- Po zaledwie siedmiu minutach na tablicy świetlnej widniał wynik 1:1
- Dortmundczycy grali ospale i nie byli w stanie zaskoczyć rywali
- W samej końcówce meczu do siatki trafił Hummels, ale gol nie został uznany
Kolejna wpadka ligowa Borussii Dortmund
Borussia Dortmund spodziewała się raczej mało wymagającego spotkania przeciwko walczącemu o utrzymanie VFL Bochum. Rywal jednak zaskoczył dortmundczyków, obejmując prowadzenie już w 5. minucie spotkania, kiedy na listę strzelców wpisał się Anthony Losilla. Borussia szybko wzięła się za odrabianie strat i już dwie minuty później było 1:1. Adeyemi wykorzystał dogranie od Hallera i pokonał Riemanna. Na przerwę oba zespoły schodziły remisując, co niespecjalnie satysfakcjonowało walczących o mistrzostwo Niemiec piłkarzy z Dortmundu.

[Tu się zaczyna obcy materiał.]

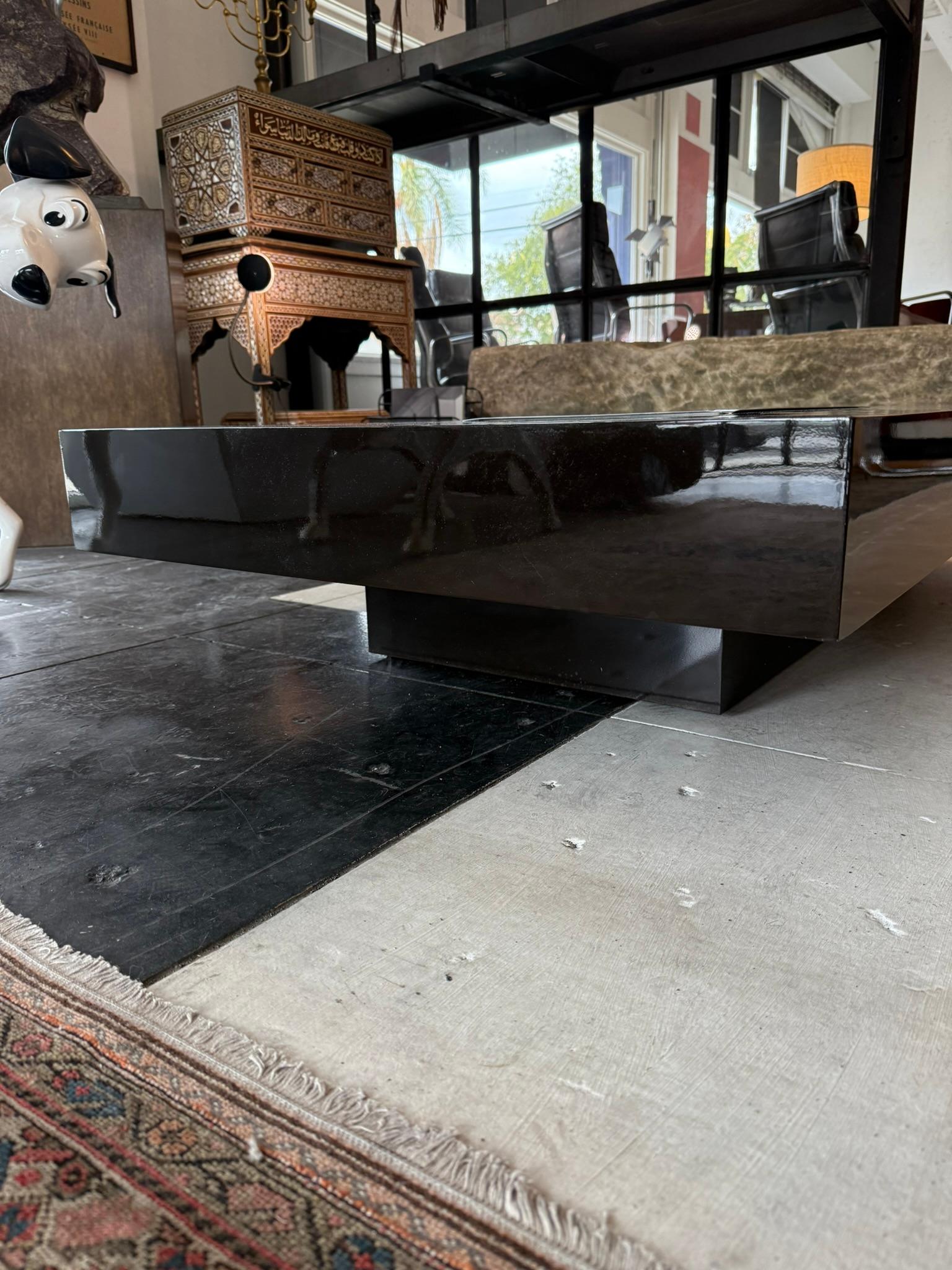 Table basse étonnante, en laque noire et acier inoxydable. Italie, 1970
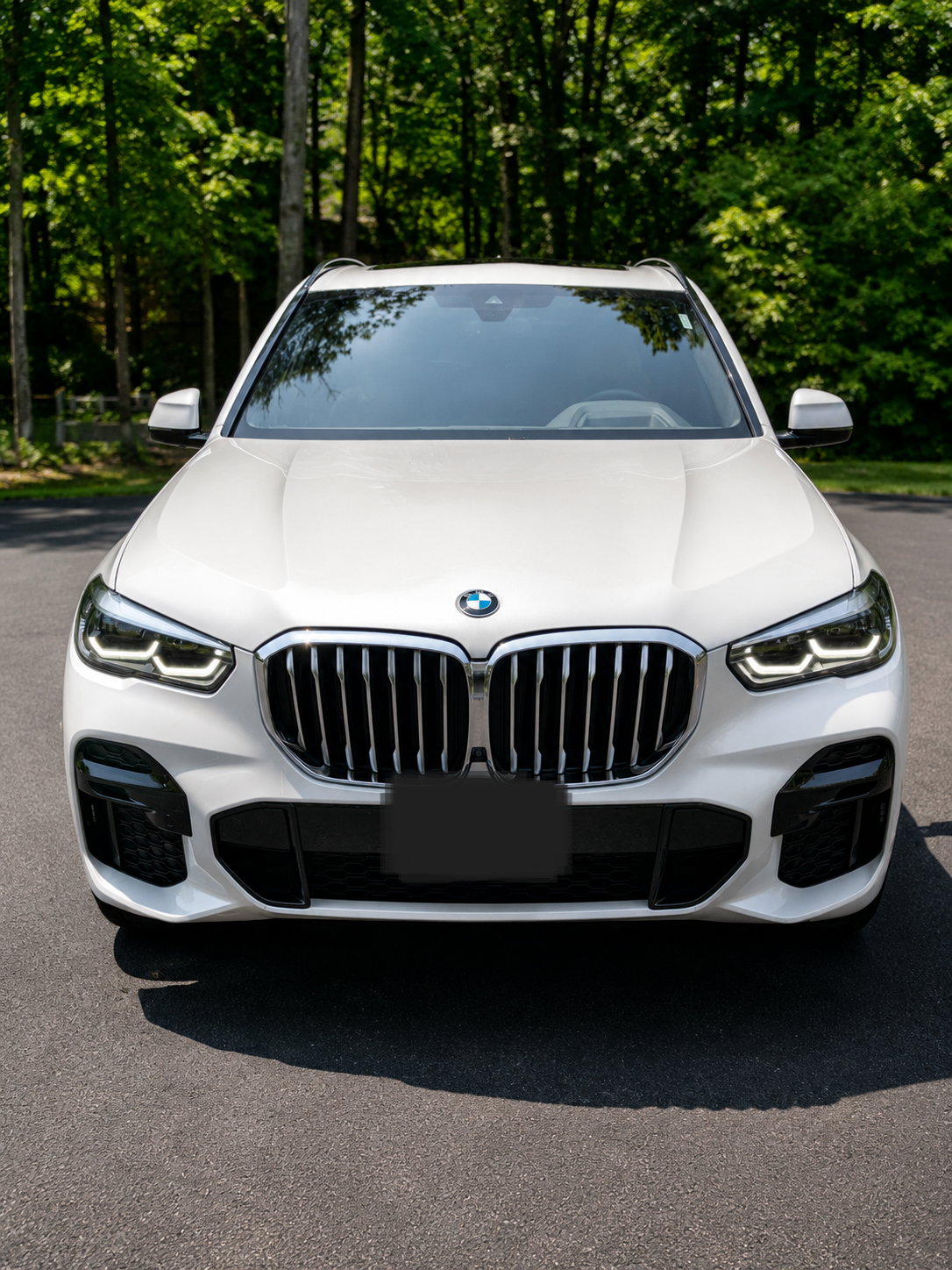 Used 2023 BMW X5 xDrive40i w/ M Sport Package AWD/4WD image 2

Podopiecznym Edina Terzicia wyraźnie brakowało pomysłu na to jak ugryźć defensywę Bochum. W drugiej połowie akcji bramkowych było jak na lekarstwo. W 90. minucie meczu zawodnicy Borussii Dortmund świętowali już upragnionego gola dającego zwycięstwo. Trafienie Matsa Hummelsa nie zostało jednak zaliczone z powodu spalonego. Tym samym dortmundczycy stracili punkty w rywalizacji z czwartą od końca drużyną Bundesligi. Jeśli Bayern wygra w sobotę z Herthą Berlin, odzyska prowadzenie w tabeli.